Wherever the word "Harry" appears in the entries, copy the whole line.

Entries supplied:
━━━━━━━━━━━━━━━━━━━━
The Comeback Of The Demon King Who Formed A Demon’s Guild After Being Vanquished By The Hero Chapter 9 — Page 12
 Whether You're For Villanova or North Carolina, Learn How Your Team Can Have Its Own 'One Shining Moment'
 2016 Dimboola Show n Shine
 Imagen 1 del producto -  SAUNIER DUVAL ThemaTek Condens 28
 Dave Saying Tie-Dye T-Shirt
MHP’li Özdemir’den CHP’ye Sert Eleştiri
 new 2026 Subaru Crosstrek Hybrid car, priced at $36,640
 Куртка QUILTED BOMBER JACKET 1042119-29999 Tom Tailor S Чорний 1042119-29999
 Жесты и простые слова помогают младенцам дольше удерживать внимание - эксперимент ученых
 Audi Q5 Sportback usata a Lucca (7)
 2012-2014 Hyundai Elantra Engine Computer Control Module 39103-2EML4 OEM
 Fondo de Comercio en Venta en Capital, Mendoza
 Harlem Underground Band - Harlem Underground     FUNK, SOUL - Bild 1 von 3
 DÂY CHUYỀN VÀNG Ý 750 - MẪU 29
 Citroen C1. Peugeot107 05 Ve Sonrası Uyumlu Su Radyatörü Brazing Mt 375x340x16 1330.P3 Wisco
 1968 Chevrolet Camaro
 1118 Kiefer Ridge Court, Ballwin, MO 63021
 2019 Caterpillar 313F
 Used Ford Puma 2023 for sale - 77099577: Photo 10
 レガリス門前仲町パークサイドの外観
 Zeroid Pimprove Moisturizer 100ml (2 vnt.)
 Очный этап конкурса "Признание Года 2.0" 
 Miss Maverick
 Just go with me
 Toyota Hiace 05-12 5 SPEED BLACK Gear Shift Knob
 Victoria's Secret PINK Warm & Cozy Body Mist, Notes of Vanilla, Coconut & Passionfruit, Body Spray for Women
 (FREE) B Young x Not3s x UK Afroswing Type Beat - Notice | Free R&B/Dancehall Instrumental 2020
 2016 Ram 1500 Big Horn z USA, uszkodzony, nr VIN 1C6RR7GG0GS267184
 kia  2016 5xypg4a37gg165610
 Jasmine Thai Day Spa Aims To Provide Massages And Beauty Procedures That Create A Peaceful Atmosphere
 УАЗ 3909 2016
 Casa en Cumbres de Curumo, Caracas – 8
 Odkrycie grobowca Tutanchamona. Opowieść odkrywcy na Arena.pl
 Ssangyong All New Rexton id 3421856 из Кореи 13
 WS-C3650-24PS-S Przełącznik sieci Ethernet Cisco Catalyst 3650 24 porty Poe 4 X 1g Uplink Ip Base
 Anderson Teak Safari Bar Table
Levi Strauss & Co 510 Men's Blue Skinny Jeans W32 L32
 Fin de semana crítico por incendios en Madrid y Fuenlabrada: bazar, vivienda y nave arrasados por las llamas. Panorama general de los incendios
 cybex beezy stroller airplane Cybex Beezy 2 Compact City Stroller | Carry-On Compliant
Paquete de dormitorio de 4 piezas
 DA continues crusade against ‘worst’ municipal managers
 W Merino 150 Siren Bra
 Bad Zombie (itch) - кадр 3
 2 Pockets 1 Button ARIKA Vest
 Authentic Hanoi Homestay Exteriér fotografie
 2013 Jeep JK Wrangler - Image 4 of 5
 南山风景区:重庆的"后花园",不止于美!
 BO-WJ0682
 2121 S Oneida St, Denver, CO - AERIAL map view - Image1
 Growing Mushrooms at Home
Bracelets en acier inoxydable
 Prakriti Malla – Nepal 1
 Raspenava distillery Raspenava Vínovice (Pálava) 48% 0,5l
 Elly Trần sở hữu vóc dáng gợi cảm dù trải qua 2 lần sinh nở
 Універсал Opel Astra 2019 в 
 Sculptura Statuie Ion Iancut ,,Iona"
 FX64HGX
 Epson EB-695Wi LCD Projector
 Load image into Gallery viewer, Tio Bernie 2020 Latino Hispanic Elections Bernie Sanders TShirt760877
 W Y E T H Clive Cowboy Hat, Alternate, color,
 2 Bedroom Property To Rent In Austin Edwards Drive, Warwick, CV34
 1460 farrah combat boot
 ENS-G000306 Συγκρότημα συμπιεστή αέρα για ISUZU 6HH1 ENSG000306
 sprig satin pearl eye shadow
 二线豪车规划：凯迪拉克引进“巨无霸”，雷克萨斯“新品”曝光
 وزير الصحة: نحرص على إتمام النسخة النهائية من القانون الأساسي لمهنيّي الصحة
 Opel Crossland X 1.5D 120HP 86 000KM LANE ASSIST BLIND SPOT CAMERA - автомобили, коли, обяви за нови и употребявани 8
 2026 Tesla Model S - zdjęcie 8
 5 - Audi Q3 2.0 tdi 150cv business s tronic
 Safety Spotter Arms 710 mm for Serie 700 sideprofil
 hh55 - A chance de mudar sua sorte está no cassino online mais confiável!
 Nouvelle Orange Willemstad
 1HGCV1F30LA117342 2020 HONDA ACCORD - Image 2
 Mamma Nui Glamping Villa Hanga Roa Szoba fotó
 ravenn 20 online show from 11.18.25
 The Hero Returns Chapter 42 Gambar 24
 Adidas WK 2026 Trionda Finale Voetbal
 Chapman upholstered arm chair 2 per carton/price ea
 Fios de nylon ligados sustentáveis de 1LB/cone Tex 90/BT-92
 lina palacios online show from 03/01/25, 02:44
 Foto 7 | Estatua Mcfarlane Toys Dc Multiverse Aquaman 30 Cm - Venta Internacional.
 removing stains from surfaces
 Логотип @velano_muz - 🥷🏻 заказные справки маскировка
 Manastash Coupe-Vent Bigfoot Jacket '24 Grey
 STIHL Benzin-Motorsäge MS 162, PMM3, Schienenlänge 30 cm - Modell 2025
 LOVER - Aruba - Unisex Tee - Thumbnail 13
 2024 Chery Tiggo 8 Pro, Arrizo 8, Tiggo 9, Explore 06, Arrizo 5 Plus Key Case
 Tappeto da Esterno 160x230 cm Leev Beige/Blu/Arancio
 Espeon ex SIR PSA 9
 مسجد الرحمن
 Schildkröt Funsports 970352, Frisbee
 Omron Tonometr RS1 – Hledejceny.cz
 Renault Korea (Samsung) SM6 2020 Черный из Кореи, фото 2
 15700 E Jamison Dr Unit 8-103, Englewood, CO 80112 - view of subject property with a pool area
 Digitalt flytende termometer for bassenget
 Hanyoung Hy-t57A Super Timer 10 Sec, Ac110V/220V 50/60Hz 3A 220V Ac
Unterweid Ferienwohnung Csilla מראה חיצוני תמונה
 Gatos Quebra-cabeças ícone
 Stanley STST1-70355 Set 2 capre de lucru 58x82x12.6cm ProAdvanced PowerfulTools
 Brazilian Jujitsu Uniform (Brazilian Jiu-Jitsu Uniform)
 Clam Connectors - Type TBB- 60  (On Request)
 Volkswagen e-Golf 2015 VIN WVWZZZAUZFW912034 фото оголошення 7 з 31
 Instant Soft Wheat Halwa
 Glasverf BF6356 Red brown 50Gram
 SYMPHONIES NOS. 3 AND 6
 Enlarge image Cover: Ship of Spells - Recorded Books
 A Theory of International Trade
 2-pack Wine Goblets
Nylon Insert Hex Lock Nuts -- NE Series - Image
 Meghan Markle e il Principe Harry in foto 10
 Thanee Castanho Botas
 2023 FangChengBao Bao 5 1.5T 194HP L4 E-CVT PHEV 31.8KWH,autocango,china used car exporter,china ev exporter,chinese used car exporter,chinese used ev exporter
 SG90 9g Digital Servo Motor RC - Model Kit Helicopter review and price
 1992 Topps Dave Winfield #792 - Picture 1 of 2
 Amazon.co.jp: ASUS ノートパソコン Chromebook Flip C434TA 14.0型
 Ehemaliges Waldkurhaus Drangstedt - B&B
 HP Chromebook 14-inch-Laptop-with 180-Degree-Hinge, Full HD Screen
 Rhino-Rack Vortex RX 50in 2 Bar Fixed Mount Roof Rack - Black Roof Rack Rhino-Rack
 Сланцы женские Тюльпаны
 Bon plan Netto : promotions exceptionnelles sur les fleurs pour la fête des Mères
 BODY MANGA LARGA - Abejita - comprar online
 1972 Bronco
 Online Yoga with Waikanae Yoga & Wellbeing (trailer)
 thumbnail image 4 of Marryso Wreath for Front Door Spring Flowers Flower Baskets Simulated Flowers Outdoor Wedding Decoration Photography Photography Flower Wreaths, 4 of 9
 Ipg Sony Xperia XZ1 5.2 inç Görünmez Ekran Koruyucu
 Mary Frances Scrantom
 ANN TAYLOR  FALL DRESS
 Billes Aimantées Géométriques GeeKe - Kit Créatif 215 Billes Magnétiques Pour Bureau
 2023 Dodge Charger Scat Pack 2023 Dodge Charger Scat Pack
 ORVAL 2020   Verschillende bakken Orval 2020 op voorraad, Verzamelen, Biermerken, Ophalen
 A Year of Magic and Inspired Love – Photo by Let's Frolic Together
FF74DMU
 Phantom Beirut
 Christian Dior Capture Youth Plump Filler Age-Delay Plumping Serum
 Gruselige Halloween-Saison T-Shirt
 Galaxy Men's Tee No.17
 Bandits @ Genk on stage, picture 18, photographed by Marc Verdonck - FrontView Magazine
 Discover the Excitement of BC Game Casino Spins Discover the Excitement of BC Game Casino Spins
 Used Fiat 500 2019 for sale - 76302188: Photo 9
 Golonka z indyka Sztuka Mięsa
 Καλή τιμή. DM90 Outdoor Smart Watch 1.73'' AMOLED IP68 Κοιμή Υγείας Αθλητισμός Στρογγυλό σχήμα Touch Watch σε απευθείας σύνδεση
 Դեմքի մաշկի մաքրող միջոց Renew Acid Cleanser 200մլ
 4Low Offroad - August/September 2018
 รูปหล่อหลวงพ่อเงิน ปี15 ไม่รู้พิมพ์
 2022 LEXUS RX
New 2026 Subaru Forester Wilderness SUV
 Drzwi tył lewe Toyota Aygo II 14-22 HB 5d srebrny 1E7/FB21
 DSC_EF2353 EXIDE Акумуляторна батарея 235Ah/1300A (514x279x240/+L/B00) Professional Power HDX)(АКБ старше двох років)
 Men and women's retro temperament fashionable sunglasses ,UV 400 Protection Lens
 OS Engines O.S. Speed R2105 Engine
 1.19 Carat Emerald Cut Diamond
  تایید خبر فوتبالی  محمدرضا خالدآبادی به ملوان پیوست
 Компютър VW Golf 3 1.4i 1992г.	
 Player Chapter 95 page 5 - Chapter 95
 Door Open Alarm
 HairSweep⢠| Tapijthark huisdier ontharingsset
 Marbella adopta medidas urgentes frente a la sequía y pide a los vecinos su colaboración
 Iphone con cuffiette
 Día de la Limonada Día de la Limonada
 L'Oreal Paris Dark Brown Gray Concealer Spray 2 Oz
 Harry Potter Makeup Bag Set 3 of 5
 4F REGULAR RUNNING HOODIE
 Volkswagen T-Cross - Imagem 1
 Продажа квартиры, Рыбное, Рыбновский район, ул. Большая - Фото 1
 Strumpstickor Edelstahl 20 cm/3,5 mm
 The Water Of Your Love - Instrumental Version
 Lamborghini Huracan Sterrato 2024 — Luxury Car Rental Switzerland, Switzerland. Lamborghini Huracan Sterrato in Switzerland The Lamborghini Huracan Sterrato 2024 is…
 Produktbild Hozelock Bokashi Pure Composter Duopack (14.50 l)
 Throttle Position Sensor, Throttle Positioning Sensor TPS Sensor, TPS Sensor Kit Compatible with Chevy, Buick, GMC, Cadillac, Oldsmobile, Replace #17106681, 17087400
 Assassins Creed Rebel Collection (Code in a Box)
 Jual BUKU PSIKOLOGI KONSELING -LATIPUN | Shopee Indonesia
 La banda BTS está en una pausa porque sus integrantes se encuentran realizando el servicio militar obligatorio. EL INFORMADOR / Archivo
━━━━━━━━━━━━━━━━━━━━
Task result:
 Meghan Markle e il Principe Harry in foto 10
 Harry Potter Makeup Bag Set 3 of 5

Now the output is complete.